» REQUIRED WORK: Begin at the first line below and copy each line exactly, ending with the line where "アクア Ｇ　ナビ　フルセグＴ" appears.

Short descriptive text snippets
☆ ☆ ☆ ☆

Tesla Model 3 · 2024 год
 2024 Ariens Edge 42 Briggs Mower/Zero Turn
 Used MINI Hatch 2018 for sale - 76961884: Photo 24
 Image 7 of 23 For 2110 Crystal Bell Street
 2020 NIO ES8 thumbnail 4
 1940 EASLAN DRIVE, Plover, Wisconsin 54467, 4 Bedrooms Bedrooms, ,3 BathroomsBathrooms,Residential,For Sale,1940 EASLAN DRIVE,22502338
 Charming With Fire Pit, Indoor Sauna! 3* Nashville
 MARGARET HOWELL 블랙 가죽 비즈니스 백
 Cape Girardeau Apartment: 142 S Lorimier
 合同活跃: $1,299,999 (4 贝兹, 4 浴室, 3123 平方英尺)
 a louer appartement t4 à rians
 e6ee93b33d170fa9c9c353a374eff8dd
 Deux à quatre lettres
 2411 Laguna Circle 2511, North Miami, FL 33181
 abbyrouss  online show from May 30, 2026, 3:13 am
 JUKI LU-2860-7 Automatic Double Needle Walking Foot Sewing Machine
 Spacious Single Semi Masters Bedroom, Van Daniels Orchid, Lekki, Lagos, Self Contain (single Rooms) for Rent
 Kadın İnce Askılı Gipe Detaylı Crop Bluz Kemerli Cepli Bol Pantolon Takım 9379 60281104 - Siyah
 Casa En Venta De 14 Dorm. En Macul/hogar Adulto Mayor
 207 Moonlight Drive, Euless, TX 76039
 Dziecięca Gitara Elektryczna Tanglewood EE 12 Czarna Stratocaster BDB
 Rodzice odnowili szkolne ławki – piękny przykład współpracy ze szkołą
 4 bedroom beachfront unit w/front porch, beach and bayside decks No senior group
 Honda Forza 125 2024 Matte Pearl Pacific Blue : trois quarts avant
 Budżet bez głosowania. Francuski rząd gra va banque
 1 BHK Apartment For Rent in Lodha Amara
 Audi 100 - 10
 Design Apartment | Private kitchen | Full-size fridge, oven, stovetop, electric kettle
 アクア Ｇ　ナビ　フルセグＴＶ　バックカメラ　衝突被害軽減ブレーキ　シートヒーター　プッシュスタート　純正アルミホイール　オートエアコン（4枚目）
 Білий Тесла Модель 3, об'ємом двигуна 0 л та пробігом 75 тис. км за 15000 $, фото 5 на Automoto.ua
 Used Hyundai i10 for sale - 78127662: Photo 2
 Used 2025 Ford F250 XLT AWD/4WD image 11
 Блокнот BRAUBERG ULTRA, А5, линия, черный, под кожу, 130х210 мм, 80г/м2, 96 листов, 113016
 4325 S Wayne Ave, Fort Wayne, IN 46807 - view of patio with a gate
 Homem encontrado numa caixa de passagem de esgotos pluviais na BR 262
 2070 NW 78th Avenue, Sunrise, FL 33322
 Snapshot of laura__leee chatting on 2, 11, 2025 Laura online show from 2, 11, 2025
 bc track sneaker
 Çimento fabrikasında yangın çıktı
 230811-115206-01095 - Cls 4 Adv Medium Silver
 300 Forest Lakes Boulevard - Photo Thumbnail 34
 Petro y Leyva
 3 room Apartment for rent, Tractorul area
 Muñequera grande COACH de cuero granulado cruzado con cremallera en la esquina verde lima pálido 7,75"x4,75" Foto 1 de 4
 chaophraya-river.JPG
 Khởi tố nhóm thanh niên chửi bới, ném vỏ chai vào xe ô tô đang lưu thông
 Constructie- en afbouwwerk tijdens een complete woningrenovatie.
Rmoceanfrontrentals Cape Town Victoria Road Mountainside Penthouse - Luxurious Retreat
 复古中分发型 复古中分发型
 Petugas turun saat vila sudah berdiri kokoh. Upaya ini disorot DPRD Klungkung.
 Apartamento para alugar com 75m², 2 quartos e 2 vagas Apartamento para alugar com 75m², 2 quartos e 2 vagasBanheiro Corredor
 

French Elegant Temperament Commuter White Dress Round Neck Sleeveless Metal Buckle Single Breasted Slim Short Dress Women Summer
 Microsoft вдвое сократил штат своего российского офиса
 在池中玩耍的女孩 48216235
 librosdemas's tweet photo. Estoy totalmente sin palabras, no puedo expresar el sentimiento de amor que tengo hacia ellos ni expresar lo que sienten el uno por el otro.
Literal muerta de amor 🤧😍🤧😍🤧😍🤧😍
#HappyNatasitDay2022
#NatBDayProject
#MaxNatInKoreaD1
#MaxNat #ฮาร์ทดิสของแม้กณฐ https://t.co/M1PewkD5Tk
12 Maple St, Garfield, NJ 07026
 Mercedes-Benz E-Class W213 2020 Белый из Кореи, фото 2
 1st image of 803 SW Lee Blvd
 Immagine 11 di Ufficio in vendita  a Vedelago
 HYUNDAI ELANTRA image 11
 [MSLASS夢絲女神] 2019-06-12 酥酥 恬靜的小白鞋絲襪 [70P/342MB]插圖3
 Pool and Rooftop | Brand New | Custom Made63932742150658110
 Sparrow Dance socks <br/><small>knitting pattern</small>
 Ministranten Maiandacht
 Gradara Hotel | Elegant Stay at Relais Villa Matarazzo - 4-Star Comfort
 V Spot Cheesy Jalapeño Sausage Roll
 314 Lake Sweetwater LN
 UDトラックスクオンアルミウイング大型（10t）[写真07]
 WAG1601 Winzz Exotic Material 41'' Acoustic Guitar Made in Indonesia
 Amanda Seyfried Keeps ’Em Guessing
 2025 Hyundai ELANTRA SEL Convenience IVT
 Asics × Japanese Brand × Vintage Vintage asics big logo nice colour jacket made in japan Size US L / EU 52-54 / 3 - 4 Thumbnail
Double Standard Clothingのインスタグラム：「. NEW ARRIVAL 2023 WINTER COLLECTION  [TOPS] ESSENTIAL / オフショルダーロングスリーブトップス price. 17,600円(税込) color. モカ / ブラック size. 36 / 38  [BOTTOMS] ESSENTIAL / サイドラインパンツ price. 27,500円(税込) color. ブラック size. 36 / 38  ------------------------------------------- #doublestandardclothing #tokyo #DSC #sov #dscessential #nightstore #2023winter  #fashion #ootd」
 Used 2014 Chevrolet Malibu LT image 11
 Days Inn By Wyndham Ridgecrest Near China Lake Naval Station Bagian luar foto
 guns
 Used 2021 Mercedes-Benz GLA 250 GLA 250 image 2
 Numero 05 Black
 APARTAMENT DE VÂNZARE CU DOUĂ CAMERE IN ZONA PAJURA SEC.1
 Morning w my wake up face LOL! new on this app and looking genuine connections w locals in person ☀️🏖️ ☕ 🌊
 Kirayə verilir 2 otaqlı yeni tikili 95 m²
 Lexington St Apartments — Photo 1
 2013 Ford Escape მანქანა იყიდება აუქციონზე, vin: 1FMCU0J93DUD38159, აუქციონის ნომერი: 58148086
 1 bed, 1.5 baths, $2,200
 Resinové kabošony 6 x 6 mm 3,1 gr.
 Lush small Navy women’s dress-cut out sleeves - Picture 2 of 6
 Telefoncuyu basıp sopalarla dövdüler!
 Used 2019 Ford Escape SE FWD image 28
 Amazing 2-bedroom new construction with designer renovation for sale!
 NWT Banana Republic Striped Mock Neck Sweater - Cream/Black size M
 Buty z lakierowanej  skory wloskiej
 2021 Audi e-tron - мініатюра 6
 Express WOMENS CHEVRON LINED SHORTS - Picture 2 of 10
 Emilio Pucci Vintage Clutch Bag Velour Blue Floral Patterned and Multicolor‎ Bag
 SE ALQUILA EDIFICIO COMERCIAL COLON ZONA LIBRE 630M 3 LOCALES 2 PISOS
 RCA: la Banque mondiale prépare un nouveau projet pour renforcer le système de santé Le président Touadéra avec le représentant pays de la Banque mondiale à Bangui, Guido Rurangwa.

☆ ☆ ☆ ☆

» RESULT BELOW:
Tesla Model 3 · 2024 год
 2024 Ariens Edge 42 Briggs Mower/Zero Turn
 Used MINI Hatch 2018 for sale - 76961884: Photo 24
 Image 7 of 23 For 2110 Crystal Bell Street
 2020 NIO ES8 thumbnail 4
 1940 EASLAN DRIVE, Plover, Wisconsin 54467, 4 Bedrooms Bedrooms, ,3 BathroomsBathrooms,Residential,For Sale,1940 EASLAN DRIVE,22502338
 Charming With Fire Pit, Indoor Sauna! 3* Nashville
 MARGARET HOWELL 블랙 가죽 비즈니스 백
 Cape Girardeau Apartment: 142 S Lorimier
 合同活跃: $1,299,999 (4 贝兹, 4 浴室, 3123 平方英尺)
 a louer appartement t4 à rians
 e6ee93b33d170fa9c9c353a374eff8dd
 Deux à quatre lettres
 2411 Laguna Circle 2511, North Miami, FL 33181
 abbyrouss  online show from May 30, 2026, 3:13 am
 JUKI LU-2860-7 Automatic Double Needle Walking Foot Sewing Machine
 Spacious Single Semi Masters Bedroom, Van Daniels Orchid, Lekki, Lagos, Self Contain (single Rooms) for Rent
 Kadın İnce Askılı Gipe Detaylı Crop Bluz Kemerli Cepli Bol Pantolon Takım 9379 60281104 - Siyah
 Casa En Venta De 14 Dorm. En Macul/hogar Adulto Mayor
 207 Moonlight Drive, Euless, TX 76039
 Dziecięca Gitara Elektryczna Tanglewood EE 12 Czarna Stratocaster BDB
 Rodzice odnowili szkolne ławki – piękny przykład współpracy ze szkołą
 4 bedroom beachfront unit w/front porch, beach and bayside decks No senior group
 Honda Forza 125 2024 Matte Pearl Pacific Blue : trois quarts avant
 Budżet bez głosowania. Francuski rząd gra va banque
 1 BHK Apartment For Rent in Lodha Amara
 Audi 100 - 10
 Design Apartment | Private kitchen | Full-size fridge, oven, stovetop, electric kettle
 アクア Ｇ　ナビ　フルセグＴＶ　バックカメラ　衝突被害軽減ブレーキ　シートヒーター　プッシュスタート　純正アルミホイール　オートエアコン（4枚目）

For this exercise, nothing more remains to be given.